So in these words taken from the names of people we may read many a story of love and sorrow and wonder, of disgust and every human passion.


CHAPTER IX.

WORDS FROM THE NAMES OF ANIMALS.

It is easy to see how names of persons have sometimes changed into general words. But we have also a great number of general words which are taken from animals' names. Most often these words are used to describe people's characters. Sometimes people are merely compared with the animals whose qualities they are supposed to have, and sometimes they are actually called by the names of these animals. Thus we may say that a person is "as sly as a fox," or we may call him an "old fox," and every one understands the same thing by both expressions.

The cause of this continual comparison of human beings with animals is that long ago, when these expressions first began to be used, animals, and especially wild animals, played a great part in the lives of the people.

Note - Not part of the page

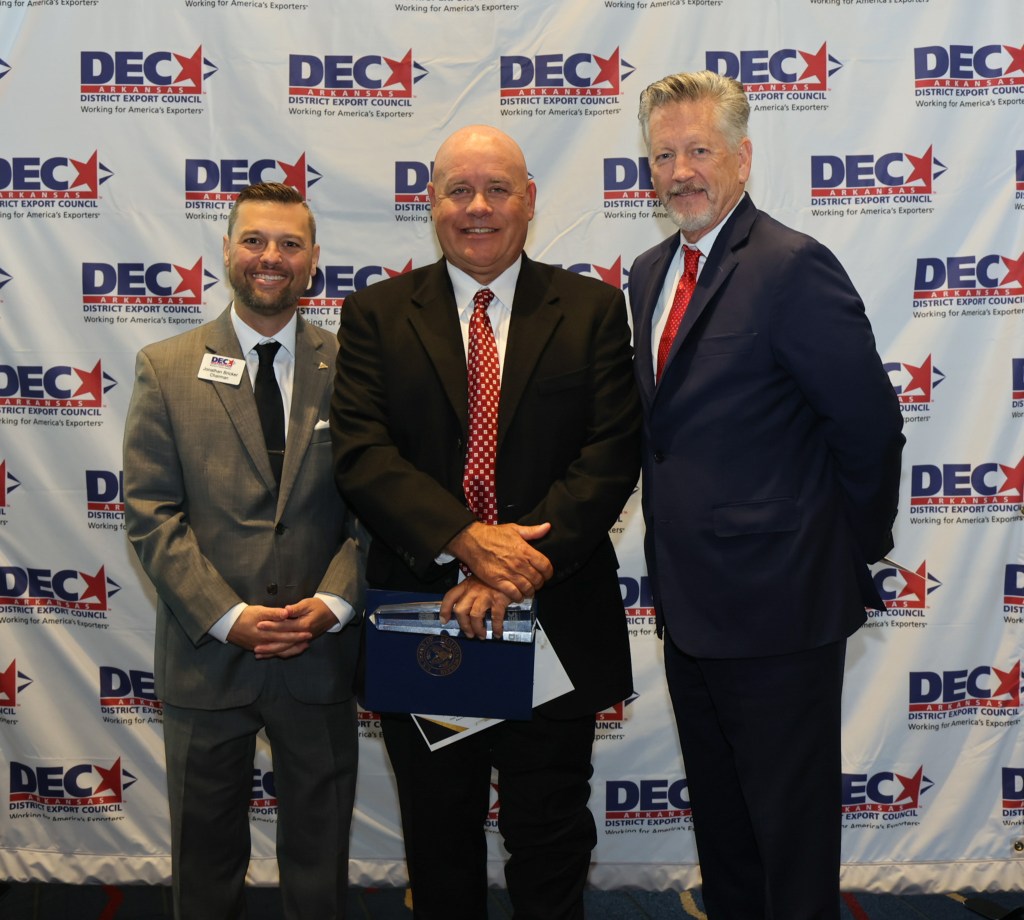 Three men in formal attire posing for a photo in front of a branded backdrop for the District Export Council.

In the Middle Ages great parts of England, now dotted over with big towns, were covered with forest land. Wolves roamed in the woods, and the fighting of some wild animals and the taming of others formed a most important part of people's lives. The same thing was, of course, the case in other countries. So familiar were people in those days with animals that they thought of them almost as human beings and believed that they had their own languages. It was people who believed these things who made up many of the old fairy tales about animals—stories like "Red Riding Hood" and the "Three Bears."

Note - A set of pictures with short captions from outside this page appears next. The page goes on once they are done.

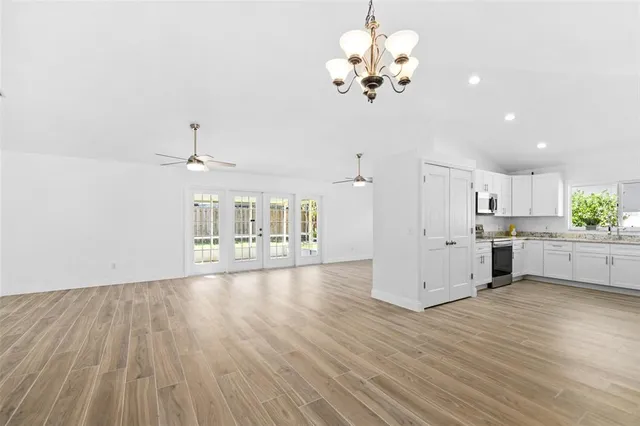 a view of a kitchen with a dishwasher kitchen stove cabinets and wooden floor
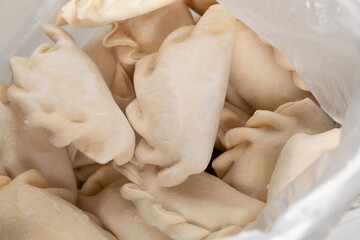 close-up of frozen dumplings in plastic bag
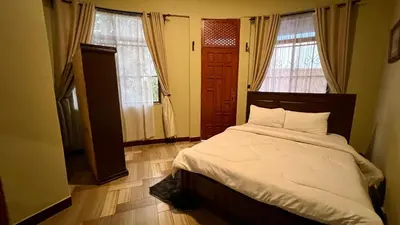 a bedroom with a bed with white sheets and two windows at Skill forest lodge in Arusha
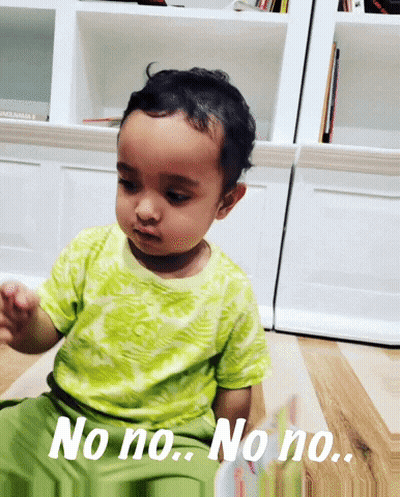 A Baby Sitting On The Floor With The Words No No No No GIF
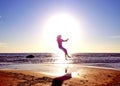 Silhouette of a girl on the background of the sun disk in a jump on the sandy seashore Royalty Free Stock Photo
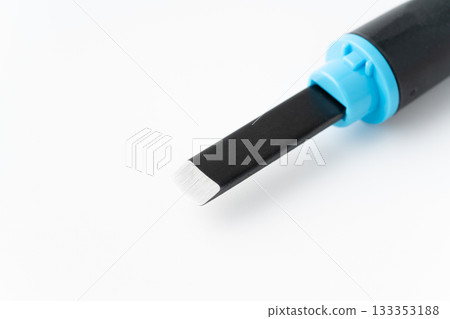 Close-up of the cutting edge of a carving knife on a white background 133353188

We often say that we are "as hungry as a wolf;" but we who have never seen wolves except behind the bars of their cages at the Zoological Gardens do not know how hungry a wild wolf can be. Those, however, who first used this expression thought of the lean and hungry wolves who prowled round the farms and cottages in the hard winter weather, driven by starvation to men's very doors. We also have the expression, "a wolf in sheep's clothing." By this we mean a person who is really dangerous and harmful, but who puts on a harmless and gentle manner to deceive his victim.

Another use of the word wolf is as a verb, meaning to eat in a very quick and greedy manner, as we might imagine a hungry wolf would do, and as our forefathers knew by experience that they did do. Most of the people who use the names of the wolf and the fox in these ways do not know anything of the habits of these animals, but the expressions have become part of the common language.

The same thing is, of course, true about the lion, with which even our far-off English ancestors had never to fight. But the lion is such a fierce and magnificent animal that it naturally appeals to our imagination, and we find numerous comparisons with it, chiefly in poetical language. We say a soldier is as "brave as a lion," or describe him as a "lion in the fight."